低い木製のテーブルを挟み、ジェイドも腰を下ろした。手にはセシリアと同じカップを持っている。
「ま、お互い妙な腹の探り合いはやめるとしよう。早速だが、どうしてここがわかった?」
言葉通り、単刀直入なジェイドにセシリアはおもむろに口を開く。
「ホフマン卿の夜会に呼ばれるのは、基本的にこの区域の人間が大半でしょう。一応、招待客の身元は約束されています。宿泊客について伺いましたが、あの夜に彼の館に泊まった遠方の人間にあなたらしき人はいなかった。ならウリエル区の人間です」
「それで?」
ジェイドは口元に笑みを浮かべ、カップの縁に口をつける。聞く姿勢は保ったままだ。
「あなたは名乗るとき、姓を言わなかった。あの場所でそれをするのは本名だけれど素性を隠したいからか、他になにか意味があるからです。偽名ならむしろ名乗っていたでしょう」
「お前みたいにな」
ジェイドが茶々を入れたが、それに関してはこの際無視する。
「あなたは別れ際にわざわざ繰り返し私に名前を告げた。まるで印象づけるように。『私はアルツトだ』と。言い方も引っかかりました。そして、アルツトという単語はどこかで覚えがあったんです。“Arzt”他国の言葉で医師を意味するそうですね」
当てられて悔しいといったどころかジェイドの顔は楽しそうだ。カップを机に置いて体勢を改める。セシリアは淀みない説明を続けた。
「手を顔に近づけられた際、かすかに消毒の香りがしたのもあって閃いたんです。わざとだったんですよね? それに元帥にかけた言葉から、少なくともあなたがこちらの正体に気づいている節があった。そうすると『次はストールくらい羽織ってこい』という発言もあなたの職業と合わせると納得できました」
「正しい指摘だったろう?」
あのとき仮面から覗いていた瞳は今はモノクル越しに細められている。対するセシリアの表情は涼しげなものだ。

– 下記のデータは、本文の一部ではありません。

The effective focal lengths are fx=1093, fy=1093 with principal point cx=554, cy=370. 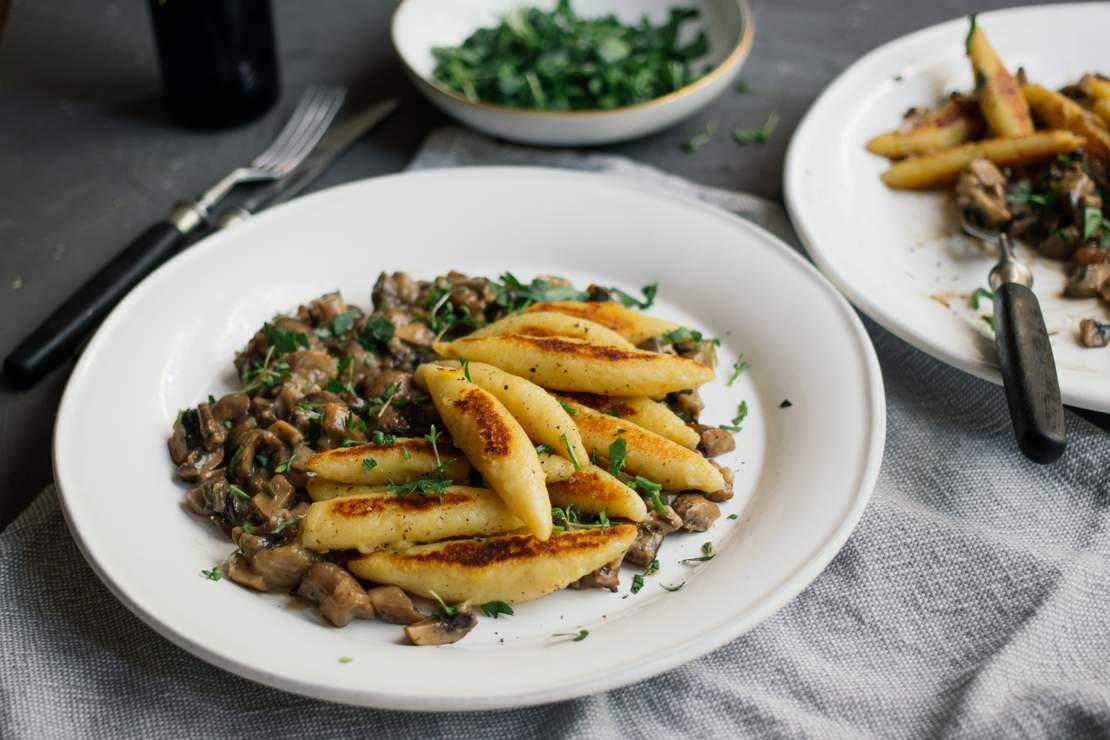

「ええ。ですが気づくのは医師であるあなたくらいですよ」
「お前の腕はたしかに細いが、余分な脂肪もなく筋肉があってしなやかだ。普通の貴族令嬢ではまずありえない。それこそ馬に乗り、剣を持つのが日常茶飯事でもなければな。次は隠しておけ」
彼からのアドバイスは素直に受け取っておくとして、セシリアはジェイドをじっと見据えた。ウリエル区で医者として働いているのはふたりいるが、もうひとりは女性だった。
「こちらの説明は以上です。今度はそちらの種明かしをしていただけませんか?」
セシリアは鋭い視線をジェイドに向ける。ジェイドは背もたれに体を預け、わざとらしく姿勢を崩した。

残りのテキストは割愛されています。